With all the amazing things that he has done and continues to do he could easily be an ego maniac as are many other people in the arts. But in this book he talks about the scene surrounding himself, as well as tastefully telling about his place in the midst of that scene. In 2023 Thurston Moore is still highly active in the art and music scene.
In many ways, this book is stronger as a historical document of how the NYC punk scene transformed into post-punk and no-wave from the late 70s into the early 80s, than it is as a traditional memoir. A few raw moments hit me hard, as the turmoil Thurston felt after losing his father resonated with my own experiences. However, I would have enjoyed more self-reflective/cathartic moments, as opposed to as much history. In fact, I think the ideal thing would have been to parse the initial thousands of pages of prose written by Thurston into two books: one a memoir, and one musicological in nature.
But now that I think about this, maybe that is impossible. The thing I got from reading this book is that music is most of what Thurston is (again, I find this personally relatable.) The experiences Thurston bad being on the fledgling NYC scene are so much at the core of who he is (or seems to be) that the two cannot be easily disentangled.
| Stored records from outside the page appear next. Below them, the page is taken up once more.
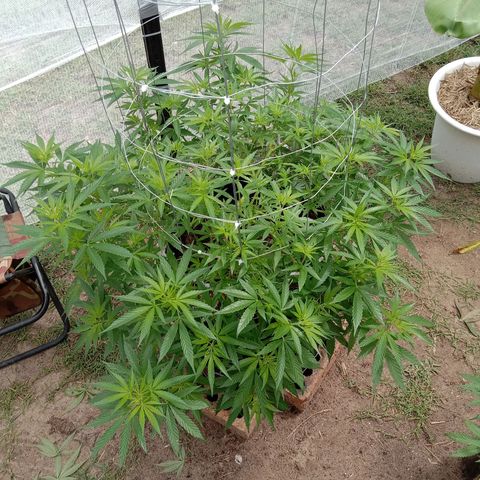 Doorman Lights #2 growlog photo: Progress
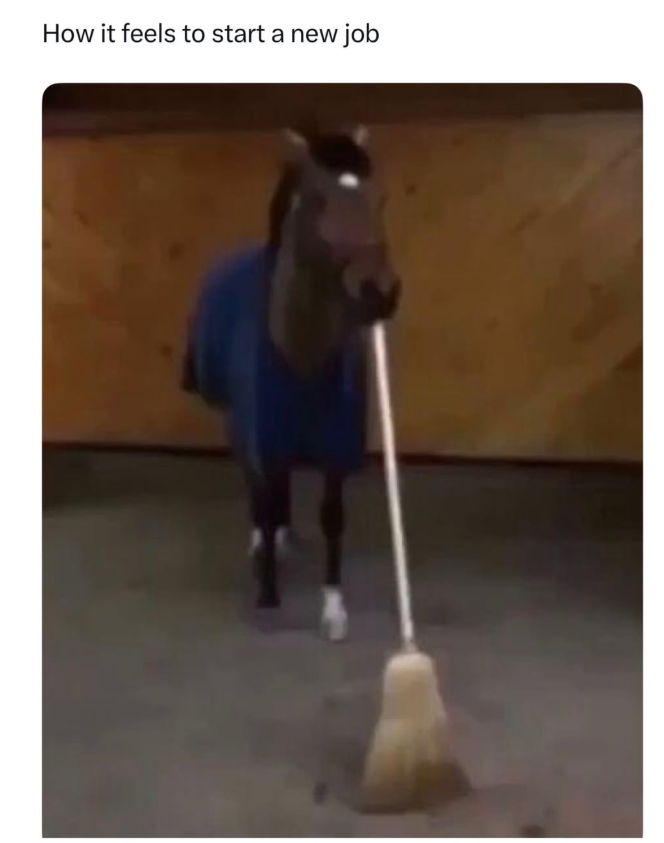 How it feels to start a new job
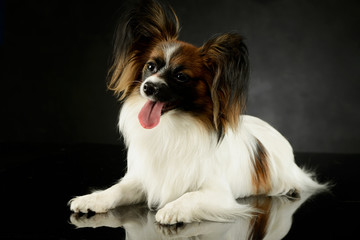 Studio shot of an adorable papillon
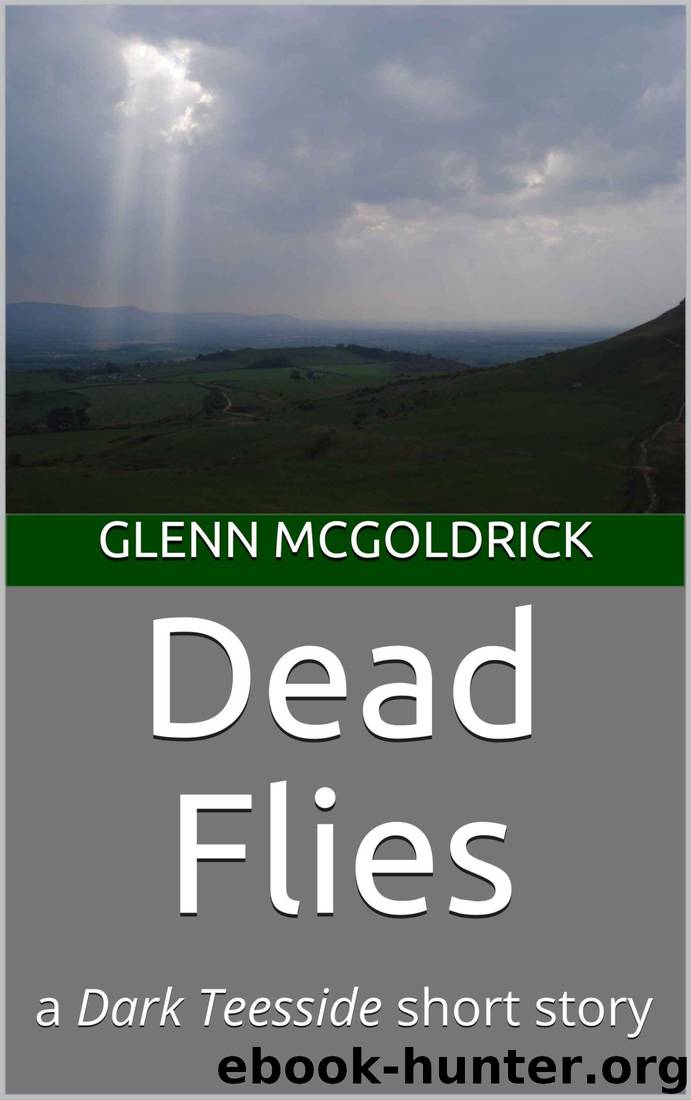 Dead Flies by Glenn McGoldrick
He only writes a few pages about his split from Kim Gordon, but I kind of understand why. The media already trampled their privacy in the early 2010s on this matter, and Thurston already answered a lot of media criticism back then, so why rehash it now, especially if there isn’t anything new to say?
I personally would have enjoyed even in depth more accounts of studio creation, especially Thurston’s solo records and collaborations (such as the awesome Dim Stars record). I can also see why the publisher would want to keep it under 500 pages.
At the end of the book, I feel like I understand certain parts of Thurston (the musical omnivore, the record collector, the innovator, the mentor, the perennial punk rocker) better, while deeper aspects of the soul remain hidden, which at the end of the day I think is a fair deal.